*PROBLEM DESCRIPTION*: Retype each entry exactly.

*EXCERPTED DATA*:
Start of Block

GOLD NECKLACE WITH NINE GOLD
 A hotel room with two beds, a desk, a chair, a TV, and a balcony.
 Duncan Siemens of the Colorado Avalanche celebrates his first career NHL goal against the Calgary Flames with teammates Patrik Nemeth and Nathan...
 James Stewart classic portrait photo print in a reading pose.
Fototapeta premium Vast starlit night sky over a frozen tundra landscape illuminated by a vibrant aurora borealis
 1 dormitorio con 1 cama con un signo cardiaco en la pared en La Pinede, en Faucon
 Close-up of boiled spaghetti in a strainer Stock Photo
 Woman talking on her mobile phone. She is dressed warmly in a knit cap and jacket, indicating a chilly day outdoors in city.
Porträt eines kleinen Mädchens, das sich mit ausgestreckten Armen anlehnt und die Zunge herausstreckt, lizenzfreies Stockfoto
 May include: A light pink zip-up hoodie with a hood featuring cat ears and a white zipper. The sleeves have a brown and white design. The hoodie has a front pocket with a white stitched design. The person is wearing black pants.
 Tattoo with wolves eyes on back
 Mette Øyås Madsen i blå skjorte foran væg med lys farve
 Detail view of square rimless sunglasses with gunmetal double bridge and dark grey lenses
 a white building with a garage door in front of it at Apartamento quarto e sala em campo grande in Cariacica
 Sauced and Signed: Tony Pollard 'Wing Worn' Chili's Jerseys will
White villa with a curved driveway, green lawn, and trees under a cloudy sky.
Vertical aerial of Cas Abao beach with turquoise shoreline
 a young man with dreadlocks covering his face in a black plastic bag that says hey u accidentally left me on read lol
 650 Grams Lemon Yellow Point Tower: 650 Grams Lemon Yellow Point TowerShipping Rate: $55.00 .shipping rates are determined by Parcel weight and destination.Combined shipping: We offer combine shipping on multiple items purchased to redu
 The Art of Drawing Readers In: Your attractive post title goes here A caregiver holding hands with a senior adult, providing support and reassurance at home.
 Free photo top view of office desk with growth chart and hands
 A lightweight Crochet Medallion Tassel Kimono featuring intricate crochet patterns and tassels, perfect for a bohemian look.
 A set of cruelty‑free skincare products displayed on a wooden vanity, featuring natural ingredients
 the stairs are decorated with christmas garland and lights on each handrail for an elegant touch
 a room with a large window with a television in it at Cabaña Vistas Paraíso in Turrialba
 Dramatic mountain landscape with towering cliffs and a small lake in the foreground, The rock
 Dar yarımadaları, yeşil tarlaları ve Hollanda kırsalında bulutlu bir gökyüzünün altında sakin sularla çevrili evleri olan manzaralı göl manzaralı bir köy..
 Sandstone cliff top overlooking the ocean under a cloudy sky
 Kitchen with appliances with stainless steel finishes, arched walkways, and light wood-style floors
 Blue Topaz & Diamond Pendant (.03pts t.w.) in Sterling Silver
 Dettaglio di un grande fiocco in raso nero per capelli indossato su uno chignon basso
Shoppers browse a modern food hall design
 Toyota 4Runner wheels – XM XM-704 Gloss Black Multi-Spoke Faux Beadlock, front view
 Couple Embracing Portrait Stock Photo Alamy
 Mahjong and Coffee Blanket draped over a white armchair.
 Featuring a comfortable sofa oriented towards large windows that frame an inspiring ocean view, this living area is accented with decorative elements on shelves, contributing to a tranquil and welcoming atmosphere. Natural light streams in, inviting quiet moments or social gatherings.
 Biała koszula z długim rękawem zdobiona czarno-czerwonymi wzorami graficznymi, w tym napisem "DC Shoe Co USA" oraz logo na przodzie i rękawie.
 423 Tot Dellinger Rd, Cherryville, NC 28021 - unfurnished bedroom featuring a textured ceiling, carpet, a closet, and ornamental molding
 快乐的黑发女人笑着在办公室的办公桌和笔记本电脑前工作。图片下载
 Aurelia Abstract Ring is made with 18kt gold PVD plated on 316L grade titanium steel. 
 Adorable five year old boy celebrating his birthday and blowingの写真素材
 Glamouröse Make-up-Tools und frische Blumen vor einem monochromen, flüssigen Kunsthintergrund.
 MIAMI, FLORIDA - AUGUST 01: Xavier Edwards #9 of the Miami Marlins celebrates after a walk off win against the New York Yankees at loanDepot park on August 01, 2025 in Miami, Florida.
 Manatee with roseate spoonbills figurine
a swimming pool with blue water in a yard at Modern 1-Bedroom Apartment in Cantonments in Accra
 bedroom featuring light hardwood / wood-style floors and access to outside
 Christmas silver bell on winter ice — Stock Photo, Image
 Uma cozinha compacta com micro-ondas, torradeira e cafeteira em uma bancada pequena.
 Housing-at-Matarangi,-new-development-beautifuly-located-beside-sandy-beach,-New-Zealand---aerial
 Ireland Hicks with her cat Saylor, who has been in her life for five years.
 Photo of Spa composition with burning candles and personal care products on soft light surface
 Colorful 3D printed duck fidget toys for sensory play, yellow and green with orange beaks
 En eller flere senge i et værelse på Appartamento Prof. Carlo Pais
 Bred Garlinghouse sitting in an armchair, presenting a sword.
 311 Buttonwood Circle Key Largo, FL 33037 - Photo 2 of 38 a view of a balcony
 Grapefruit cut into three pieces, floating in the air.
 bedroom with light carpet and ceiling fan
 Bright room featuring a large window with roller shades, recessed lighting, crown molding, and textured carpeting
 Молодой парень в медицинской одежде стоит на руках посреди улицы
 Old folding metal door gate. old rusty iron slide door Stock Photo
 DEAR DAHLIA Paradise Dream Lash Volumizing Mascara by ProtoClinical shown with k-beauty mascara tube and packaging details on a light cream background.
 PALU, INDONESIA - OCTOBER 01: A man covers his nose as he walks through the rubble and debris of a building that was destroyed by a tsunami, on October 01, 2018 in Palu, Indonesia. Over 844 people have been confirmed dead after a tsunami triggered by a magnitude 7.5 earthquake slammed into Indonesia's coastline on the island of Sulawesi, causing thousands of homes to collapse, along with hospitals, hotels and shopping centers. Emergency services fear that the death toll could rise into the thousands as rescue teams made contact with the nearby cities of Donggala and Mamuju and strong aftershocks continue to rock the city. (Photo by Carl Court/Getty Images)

End of Block

*EXERCISE SOLUTION*:
GOLD NECKLACE WITH NINE GOLD
 A hotel room with two beds, a desk, a chair, a TV, and a balcony.
 Duncan Siemens of the Colorado Avalanche celebrates his first career NHL goal against the Calgary Flames with teammates Patrik Nemeth and Nathan...
 James Stewart classic portrait photo print in a reading pose.
Fototapeta premium Vast starlit night sky over a frozen tundra landscape illuminated by a vibrant aurora borealis
 1 dormitorio con 1 cama con un signo cardiaco en la pared en La Pinede, en Faucon
 Close-up of boiled spaghetti in a strainer Stock Photo
 Woman talking on her mobile phone. She is dressed warmly in a knit cap and jacket, indicating a chilly day outdoors in city.
Porträt eines kleinen Mädchens, das sich mit ausgestreckten Armen anlehnt und die Zunge herausstreckt, lizenzfreies Stockfoto
 May include: A light pink zip-up hoodie with a hood featuring cat ears and a white zipper. The sleeves have a brown and white design. The hoodie has a front pocket with a white stitched design. The person is wearing black pants.
 Tattoo with wolves eyes on back
 Mette Øyås Madsen i blå skjorte foran væg med lys farve
 Detail view of square rimless sunglasses with gunmetal double bridge and dark grey lenses
 a white building with a garage door in front of it at Apartamento quarto e sala em campo grande in Cariacica
 Sauced and Signed: Tony Pollard 'Wing Worn' Chili's Jerseys will
White villa with a curved driveway, green lawn, and trees under a cloudy sky.
Vertical aerial of Cas Abao beach with turquoise shoreline
 a young man with dreadlocks covering his face in a black plastic bag that says hey u accidentally left me on read lol
 650 Grams Lemon Yellow Point Tower: 650 Grams Lemon Yellow Point TowerShipping Rate: $55.00 .shipping rates are determined by Parcel weight and destination.Combined shipping: We offer combine shipping on multiple items purchased to redu
 The Art of Drawing Readers In: Your attractive post title goes here A caregiver holding hands with a senior adult, providing support and reassurance at home.
 Free photo top view of office desk with growth chart and hands
 A lightweight Crochet Medallion Tassel Kimono featuring intricate crochet patterns and tassels, perfect for a bohemian look.
 A set of cruelty‑free skincare products displayed on a wooden vanity, featuring natural ingredients
 the stairs are decorated with christmas garland and lights on each handrail for an elegant touch
 a room with a large window with a television in it at Cabaña Vistas Paraíso in Turrialba
 Dramatic mountain landscape with towering cliffs and a small lake in the foreground, The rock
 Dar yarımadaları, yeşil tarlaları ve Hollanda kırsalında bulutlu bir gökyüzünün altında sakin sularla çevrili evleri olan manzaralı göl manzaralı bir köy..
 Sandstone cliff top overlooking the ocean under a cloudy sky
 Kitchen with appliances with stainless steel finishes, arched walkways, and light wood-style floors
 Blue Topaz & Diamond Pendant (.03pts t.w.) in Sterling Silver
 Dettaglio di un grande fiocco in raso nero per capelli indossato su uno chignon basso
Shoppers browse a modern food hall design
 Toyota 4Runner wheels – XM XM-704 Gloss Black Multi-Spoke Faux Beadlock, front view
 Couple Embracing Portrait Stock Photo Alamy
 Mahjong and Coffee Blanket draped over a white armchair.
 Featuring a comfortable sofa oriented towards large windows that frame an inspiring ocean view, this living area is accented with decorative elements on shelves, contributing to a tranquil and welcoming atmosphere. Natural light streams in, inviting quiet moments or social gatherings.
 Biała koszula z długim rękawem zdobiona czarno-czerwonymi wzorami graficznymi, w tym napisem "DC Shoe Co USA" oraz logo na przodzie i rękawie.
 423 Tot Dellinger Rd, Cherryville, NC 28021 - unfurnished bedroom featuring a textured ceiling, carpet, a closet, and ornamental molding
 快乐的黑发女人笑着在办公室的办公桌和笔记本电脑前工作。图片下载
 Aurelia Abstract Ring is made with 18kt gold PVD plated on 316L grade titanium steel. 
 Adorable five year old boy celebrating his birthday and blowingの写真素材
 Glamouröse Make-up-Tools und frische Blumen vor einem monochromen, flüssigen Kunsthintergrund.
 MIAMI, FLORIDA - AUGUST 01: Xavier Edwards #9 of the Miami Marlins celebrates after a walk off win against the New York Yankees at loanDepot park on August 01, 2025 in Miami, Florida.
 Manatee with roseate spoonbills figurine
a swimming pool with blue water in a yard at Modern 1-Bedroom Apartment in Cantonments in Accra
 bedroom featuring light hardwood / wood-style floors and access to outside
 Christmas silver bell on winter ice — Stock Photo, Image
 Uma cozinha compacta com micro-ondas, torradeira e cafeteira em uma bancada pequena.
 Housing-at-Matarangi,-new-development-beautifuly-located-beside-sandy-beach,-New-Zealand---aerial
 Ireland Hicks with her cat Saylor, who has been in her life for five years.
 Photo of Spa composition with burning candles and personal care products on soft light surface
 Colorful 3D printed duck fidget toys for sensory play, yellow and green with orange beaks
 En eller flere senge i et værelse på Appartamento Prof. Carlo Pais
 Bred Garlinghouse sitting in an armchair, presenting a sword.
 311 Buttonwood Circle Key Largo, FL 33037 - Photo 2 of 38 a view of a balcony
 Grapefruit cut into three pieces, floating in the air.
 bedroom with light carpet and ceiling fan
 Bright room featuring a large window with roller shades, recessed lighting, crown molding, and textured carpeting
 Молодой парень в медицинской одежде стоит на руках посреди улицы
 Old folding metal door gate. old rusty iron slide door Stock Photo
 DEAR DAHLIA Paradise Dream Lash Volumizing Mascara by ProtoClinical shown with k-beauty mascara tube and packaging details on a light cream background.
 PALU, INDONESIA - OCTOBER 01: A man covers his nose as he walks through the rubble and debris of a building that was destroyed by a tsunami, on October 01, 2018 in Palu, Indonesia. Over 844 people have been confirmed dead after a tsunami triggered by a magnitude 7.5 earthquake slammed into Indonesia's coastline on the island of Sulawesi, causing thousands of homes to collapse, along with hospitals, hotels and shopping centers. Emergency services fear that the death toll could rise into the thousands as rescue teams made contact with the nearby cities of Donggala and Mamuju and strong aftershocks continue to rock the city. (Photo by Carl Court/Getty Images)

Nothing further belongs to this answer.